Turn your head the other way, there’s a dating couple sat opposite each other and instead of looking into each other’s eyes and talking, they are both texting and barely a word is exchanged. I’ve often wondered if it’s because they are so shy and are texting each other. I was very bemused by all this to say the least.
You walk through the streets and people are texting as they walk, oblivious to everything around them and in the Philippines, it’s a dangerous practice as it’s all too easy to get in the way of a tricycle driver or fall down an open drain. It’s a national obsession, and you see text being used far more than you may observe in other countries.
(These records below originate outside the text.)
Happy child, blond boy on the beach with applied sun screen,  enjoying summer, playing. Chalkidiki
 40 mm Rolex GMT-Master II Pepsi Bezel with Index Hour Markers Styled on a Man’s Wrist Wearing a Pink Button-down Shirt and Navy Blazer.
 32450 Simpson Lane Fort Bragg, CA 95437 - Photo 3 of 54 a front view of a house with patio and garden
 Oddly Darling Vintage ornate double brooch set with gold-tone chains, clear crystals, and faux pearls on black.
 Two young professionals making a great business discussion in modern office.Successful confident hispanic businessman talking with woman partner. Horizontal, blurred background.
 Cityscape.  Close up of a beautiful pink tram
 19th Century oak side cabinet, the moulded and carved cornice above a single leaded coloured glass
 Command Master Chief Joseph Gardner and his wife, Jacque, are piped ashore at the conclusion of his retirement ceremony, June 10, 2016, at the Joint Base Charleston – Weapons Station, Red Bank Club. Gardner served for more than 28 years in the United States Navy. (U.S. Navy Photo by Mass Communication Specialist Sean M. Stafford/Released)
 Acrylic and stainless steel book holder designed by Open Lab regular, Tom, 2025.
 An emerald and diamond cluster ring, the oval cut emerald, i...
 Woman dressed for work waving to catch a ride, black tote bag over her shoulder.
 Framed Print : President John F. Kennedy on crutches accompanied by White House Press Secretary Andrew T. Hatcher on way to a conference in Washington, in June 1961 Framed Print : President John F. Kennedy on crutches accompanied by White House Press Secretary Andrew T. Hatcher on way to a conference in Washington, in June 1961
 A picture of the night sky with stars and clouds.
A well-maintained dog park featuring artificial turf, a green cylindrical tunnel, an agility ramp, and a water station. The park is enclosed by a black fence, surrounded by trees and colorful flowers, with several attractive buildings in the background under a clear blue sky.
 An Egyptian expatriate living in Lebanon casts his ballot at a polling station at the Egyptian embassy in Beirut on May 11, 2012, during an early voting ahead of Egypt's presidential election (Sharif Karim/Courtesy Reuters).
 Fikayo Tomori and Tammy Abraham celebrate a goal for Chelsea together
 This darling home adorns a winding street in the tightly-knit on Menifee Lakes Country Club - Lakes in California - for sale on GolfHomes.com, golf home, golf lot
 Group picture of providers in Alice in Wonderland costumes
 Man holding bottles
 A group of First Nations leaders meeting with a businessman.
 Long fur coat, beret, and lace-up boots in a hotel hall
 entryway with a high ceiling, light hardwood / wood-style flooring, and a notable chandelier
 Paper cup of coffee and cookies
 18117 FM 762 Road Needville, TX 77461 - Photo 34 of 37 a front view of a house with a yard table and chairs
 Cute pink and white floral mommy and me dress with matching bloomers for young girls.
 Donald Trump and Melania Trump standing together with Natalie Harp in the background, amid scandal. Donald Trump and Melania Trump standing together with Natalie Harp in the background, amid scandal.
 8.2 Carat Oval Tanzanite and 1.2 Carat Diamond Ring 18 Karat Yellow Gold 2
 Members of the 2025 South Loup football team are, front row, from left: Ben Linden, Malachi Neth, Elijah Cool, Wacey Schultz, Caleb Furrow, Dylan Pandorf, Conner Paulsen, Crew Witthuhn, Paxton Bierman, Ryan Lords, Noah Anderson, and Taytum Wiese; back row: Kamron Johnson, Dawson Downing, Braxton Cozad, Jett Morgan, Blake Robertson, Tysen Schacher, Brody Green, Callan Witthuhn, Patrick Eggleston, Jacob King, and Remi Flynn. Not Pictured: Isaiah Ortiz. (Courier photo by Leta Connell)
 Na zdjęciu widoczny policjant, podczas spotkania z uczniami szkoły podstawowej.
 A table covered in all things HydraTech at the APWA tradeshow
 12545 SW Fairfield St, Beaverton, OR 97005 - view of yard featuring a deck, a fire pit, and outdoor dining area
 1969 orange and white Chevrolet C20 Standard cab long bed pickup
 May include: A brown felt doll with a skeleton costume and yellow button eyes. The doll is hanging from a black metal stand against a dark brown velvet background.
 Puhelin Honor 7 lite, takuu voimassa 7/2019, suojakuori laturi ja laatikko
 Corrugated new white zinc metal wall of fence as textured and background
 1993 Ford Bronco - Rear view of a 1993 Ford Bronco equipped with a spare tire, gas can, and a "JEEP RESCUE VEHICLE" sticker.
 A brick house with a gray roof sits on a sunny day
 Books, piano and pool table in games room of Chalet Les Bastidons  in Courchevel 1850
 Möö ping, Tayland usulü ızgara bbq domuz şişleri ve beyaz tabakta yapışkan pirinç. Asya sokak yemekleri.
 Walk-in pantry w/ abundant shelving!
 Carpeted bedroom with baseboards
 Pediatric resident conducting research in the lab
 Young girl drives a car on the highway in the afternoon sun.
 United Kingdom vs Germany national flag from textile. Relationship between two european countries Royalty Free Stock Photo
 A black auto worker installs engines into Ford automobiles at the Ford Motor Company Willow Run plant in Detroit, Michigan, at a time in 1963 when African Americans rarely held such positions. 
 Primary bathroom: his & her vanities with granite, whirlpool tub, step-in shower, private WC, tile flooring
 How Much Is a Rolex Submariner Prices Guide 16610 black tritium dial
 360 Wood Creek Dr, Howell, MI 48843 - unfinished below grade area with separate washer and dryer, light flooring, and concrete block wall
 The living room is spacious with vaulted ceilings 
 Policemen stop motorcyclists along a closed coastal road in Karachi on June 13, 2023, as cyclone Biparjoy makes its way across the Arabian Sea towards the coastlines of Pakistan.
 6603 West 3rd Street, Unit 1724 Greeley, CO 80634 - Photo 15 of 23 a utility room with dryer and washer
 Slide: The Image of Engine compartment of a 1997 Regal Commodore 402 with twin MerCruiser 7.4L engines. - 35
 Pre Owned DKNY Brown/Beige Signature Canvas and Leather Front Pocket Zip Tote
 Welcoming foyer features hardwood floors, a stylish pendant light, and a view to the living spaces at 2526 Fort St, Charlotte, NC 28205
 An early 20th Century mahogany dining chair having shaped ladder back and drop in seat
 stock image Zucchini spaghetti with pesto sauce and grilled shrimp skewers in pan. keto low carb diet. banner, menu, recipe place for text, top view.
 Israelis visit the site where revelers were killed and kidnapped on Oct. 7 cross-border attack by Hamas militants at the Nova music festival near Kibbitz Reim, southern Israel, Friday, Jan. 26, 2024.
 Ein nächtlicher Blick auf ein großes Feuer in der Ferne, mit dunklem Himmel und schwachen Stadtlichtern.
I can only speculate as to why some of this is but one real reason that I believe holds ground is simply that there is no cheaper form of communication. It is very inexpensive to text in the Philippines. All the providers do promos, which offer all day texting at as little as 10 pesos. Filipinos know how to maximize a good deal and they text till they drop for very little money.Another possible factor is that Filipinos are generally a little shy. It’s hard to define but they seem to be the kind of people who would be happier talking to you from afar and would probably be far more open through text exchange. Many romances and courtships are through text messaging. I’ve received many texts asking my name and, “Will you be my text mate?” is the question. I had never come across anything like this before and I found it fascinating.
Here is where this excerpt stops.